▶ **Provided records**:
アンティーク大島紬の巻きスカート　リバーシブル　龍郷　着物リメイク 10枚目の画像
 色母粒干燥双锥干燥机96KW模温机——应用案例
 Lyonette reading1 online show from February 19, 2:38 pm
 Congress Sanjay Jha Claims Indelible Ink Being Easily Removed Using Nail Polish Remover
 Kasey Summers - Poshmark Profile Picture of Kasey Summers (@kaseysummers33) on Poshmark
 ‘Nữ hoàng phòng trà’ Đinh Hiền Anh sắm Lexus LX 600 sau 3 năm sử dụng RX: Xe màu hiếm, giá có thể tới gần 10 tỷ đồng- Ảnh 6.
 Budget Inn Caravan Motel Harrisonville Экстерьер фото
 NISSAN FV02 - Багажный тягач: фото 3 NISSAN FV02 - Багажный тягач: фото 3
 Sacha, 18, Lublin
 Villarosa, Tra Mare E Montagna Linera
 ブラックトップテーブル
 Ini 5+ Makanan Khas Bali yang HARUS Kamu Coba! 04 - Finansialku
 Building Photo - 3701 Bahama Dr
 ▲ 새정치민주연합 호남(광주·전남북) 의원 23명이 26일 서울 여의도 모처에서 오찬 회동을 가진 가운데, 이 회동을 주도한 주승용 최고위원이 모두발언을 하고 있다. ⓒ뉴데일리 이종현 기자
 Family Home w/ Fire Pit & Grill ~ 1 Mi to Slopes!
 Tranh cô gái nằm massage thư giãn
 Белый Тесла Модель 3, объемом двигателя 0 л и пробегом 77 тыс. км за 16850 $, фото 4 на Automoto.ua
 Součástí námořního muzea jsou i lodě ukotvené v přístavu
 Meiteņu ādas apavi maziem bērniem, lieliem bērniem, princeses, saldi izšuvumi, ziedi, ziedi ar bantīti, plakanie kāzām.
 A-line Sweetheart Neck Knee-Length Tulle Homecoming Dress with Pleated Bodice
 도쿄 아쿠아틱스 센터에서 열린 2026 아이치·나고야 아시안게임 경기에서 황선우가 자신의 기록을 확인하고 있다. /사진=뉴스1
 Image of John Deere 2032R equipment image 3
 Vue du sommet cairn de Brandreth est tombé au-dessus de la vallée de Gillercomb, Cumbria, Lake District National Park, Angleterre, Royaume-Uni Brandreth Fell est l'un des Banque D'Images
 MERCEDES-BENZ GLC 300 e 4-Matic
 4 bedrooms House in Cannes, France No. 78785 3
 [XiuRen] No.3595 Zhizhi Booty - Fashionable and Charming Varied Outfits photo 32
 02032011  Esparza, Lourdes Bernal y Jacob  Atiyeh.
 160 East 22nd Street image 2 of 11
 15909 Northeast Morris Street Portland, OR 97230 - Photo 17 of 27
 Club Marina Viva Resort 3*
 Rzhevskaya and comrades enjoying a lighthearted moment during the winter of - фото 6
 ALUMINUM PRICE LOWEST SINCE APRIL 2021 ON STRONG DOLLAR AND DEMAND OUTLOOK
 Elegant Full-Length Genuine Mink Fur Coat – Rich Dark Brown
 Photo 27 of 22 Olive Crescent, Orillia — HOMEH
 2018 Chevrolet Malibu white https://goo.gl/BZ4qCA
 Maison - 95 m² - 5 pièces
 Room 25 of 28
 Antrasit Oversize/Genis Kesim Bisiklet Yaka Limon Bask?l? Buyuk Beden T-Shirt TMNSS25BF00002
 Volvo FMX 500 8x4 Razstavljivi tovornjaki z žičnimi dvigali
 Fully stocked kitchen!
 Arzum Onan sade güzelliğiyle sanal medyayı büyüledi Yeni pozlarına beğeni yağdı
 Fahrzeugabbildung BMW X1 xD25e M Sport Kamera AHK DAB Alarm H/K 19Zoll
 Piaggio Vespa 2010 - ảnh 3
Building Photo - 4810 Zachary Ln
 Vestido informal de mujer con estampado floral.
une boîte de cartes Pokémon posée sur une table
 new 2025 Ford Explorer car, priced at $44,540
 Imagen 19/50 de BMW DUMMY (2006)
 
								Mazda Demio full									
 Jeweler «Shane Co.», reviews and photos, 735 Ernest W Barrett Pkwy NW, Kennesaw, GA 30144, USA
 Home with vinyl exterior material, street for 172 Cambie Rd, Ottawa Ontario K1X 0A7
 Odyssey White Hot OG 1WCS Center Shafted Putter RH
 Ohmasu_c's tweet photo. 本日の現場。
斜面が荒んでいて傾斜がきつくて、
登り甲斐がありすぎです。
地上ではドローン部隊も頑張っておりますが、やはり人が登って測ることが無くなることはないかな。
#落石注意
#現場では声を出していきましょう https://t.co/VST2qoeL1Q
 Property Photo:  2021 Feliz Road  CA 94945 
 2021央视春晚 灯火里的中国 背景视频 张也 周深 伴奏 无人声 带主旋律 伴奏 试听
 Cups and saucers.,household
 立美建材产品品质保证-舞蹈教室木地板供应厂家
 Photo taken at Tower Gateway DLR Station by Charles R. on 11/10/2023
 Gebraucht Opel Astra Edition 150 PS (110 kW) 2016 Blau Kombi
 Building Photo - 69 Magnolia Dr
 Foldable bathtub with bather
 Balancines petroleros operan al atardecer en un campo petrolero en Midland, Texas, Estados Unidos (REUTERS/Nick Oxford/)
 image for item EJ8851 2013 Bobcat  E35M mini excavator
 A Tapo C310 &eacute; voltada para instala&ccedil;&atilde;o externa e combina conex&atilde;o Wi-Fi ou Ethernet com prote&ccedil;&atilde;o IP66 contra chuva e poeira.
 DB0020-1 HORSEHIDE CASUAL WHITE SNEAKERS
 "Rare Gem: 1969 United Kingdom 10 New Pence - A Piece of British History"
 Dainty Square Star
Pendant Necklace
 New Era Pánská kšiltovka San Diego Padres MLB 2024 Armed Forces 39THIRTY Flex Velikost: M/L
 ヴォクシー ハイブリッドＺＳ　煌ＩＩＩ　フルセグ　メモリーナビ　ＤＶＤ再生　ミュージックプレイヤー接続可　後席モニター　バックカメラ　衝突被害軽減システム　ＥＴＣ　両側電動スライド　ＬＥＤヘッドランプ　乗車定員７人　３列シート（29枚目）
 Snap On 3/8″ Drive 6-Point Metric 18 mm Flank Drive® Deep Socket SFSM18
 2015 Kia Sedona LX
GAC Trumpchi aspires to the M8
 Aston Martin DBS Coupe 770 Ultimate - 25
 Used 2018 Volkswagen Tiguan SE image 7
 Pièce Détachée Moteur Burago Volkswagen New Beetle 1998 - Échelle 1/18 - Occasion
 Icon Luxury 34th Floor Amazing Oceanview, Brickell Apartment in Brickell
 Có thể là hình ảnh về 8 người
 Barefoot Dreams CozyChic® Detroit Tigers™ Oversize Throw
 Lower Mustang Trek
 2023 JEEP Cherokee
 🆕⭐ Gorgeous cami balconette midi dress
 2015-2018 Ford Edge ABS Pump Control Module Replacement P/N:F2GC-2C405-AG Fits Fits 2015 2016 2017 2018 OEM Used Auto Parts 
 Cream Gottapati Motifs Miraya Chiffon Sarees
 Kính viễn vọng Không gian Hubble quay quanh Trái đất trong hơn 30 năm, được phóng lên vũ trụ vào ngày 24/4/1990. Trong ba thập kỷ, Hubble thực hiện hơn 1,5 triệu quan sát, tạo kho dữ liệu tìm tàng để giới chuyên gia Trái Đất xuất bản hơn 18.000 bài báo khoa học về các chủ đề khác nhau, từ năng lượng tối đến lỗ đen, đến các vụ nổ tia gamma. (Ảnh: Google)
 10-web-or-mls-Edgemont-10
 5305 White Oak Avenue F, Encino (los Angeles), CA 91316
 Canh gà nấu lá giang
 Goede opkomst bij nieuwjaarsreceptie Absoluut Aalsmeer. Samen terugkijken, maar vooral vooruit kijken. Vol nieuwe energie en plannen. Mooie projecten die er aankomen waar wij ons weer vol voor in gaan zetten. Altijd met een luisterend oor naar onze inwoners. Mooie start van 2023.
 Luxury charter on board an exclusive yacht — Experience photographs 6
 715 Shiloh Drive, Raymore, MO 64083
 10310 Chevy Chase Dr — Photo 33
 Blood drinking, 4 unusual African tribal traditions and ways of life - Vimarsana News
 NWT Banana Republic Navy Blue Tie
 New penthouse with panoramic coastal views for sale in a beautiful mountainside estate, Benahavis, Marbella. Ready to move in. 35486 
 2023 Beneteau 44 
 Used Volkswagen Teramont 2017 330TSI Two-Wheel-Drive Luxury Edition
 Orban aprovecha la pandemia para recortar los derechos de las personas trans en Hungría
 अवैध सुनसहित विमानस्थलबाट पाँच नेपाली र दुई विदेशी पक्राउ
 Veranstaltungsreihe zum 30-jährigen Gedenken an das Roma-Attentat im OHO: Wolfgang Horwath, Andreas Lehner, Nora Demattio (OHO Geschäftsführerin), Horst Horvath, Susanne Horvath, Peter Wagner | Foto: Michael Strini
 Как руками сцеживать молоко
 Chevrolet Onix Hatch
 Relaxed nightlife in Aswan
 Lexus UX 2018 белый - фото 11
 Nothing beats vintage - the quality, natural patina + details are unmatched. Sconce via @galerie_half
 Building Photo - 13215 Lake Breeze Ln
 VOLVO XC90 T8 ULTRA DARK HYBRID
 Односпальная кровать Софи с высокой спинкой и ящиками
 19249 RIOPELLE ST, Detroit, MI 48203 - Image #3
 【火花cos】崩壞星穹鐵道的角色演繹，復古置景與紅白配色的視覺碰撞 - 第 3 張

▶ **Your instructions**: Say how many lines in the entries include the string "Drive", and write nothing besides that number.

▶ **Problem solution**: 3